The powerlaw CLI tool provides two main subcommands: fit and test.

§fit subcommand

Use the fit subcommand to perform the initial analysis, finding the maximum likelihood estimates for the x_min and alpha parameters of a power-law distribution. This command does not perform the computationally intensive hypothesis test.

# Example: Fit a Power Law to data in 'Data/reference_data/blackouts.txt '
cargo run -- fit Data/reference_data/blackouts.txt

§test subcommand

Use the test subcommand to perform the full analysis, including the hypothesis test to determine if the data is plausibly drawn from a power-law distribution. This command requires a --precision argument to specify the desired accuracy for the p-value calculation.

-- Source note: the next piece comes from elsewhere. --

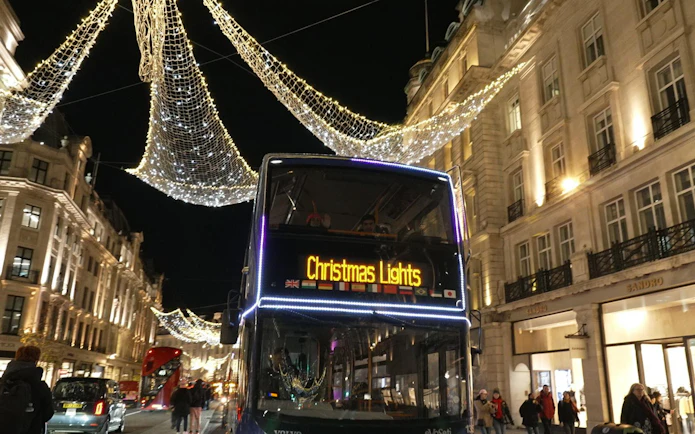 London night bus under Christmas lights on a festive street.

# Example: Test data in 'Data/reference_data/blackouts.txt ' with a precision of 0.01
cargo run -- test Data/reference_data/blackouts.txt  --precision 0.01

# You can also use the short flag for precision:
cargo run -- test Data/reference_data/blackouts.txt  -p 0.01

§Getting Help

# General help for the powerlaw CLI
cargo run -- --help

# Help for a specific subcommand, e.g., 'test'
cargo run -- test --help

where “0.1” in this example is the decimal precision desired during hypothesis testing see util::sim::calculate_sim_params for more details.

§Methodology

The vast majority of this package is based on the procedure outlined in ‘Power-Law Distributions in Empirical Data’ by Clauset et al.

§Limitations

  1. Only the continuous case of the Pareto Type I Distribution is considered for parameter estimation, goodness of fit, and hypothesis testing at this time. This may or may not change with future updates. The example data in the documentation is discrete, thus the results are only an approximation.
  2. Domain knowledge of the data generating process is critical given the methodology used by this package is based on that proposed by the referenced material. Specifically the 1 sample Kolmogorov-Smirnov test is used for goodness of fit testing which assumes i.i.d data. Many natural processes data are serially correlated, thus KS testing is not appropriate, see references section below.
  3. This is highly alpha code; backwards compatibility is not guaranteed and should not be expected.
  4. Many more known and unknown.

§References

Clauset, A., Shalizi, C. R., & Newman, M. E. J. (2009). Power-Law Distributions in Empirical Data. SIAM Review, 51(4), 661–703. doi:10.1137/070710111

Jeff Alstott, Ed Bullmore, Dietmar Plenz. (2014). powerlaw: a Python package for analysis of heavy-tailed distributions. PLoS ONE 9(1): e85777 doi:10.1371/journal.pone.0085777

Zeimbekakis, A., Schifano, E. D., & Yan, J. (2024). On Misuses of the Kolmogorov-Smirnov Test for One-Sample Goodness-of-Fit. The American Statistician, 78(4), 481–487. 10.1080/00031305.2024.2356095

Re-exports§

pub use dist::Distribution;
pub use fitted_results::FittedResults;

Modules§

dist
Module for various probability distributions.
fitted_results
Keeps track of fitted distributions, their names and parameters.
stats
Module for statistical inference and descriptive statistics. Module to aid in statistical inference. Contains functions for basic descriptive statistics, non parametric methods for comparing distributions etc.
util
Module for helper functions, including data reading and simulation. Module and its submodules containing various helper functions primarily around generating synthetic datasets.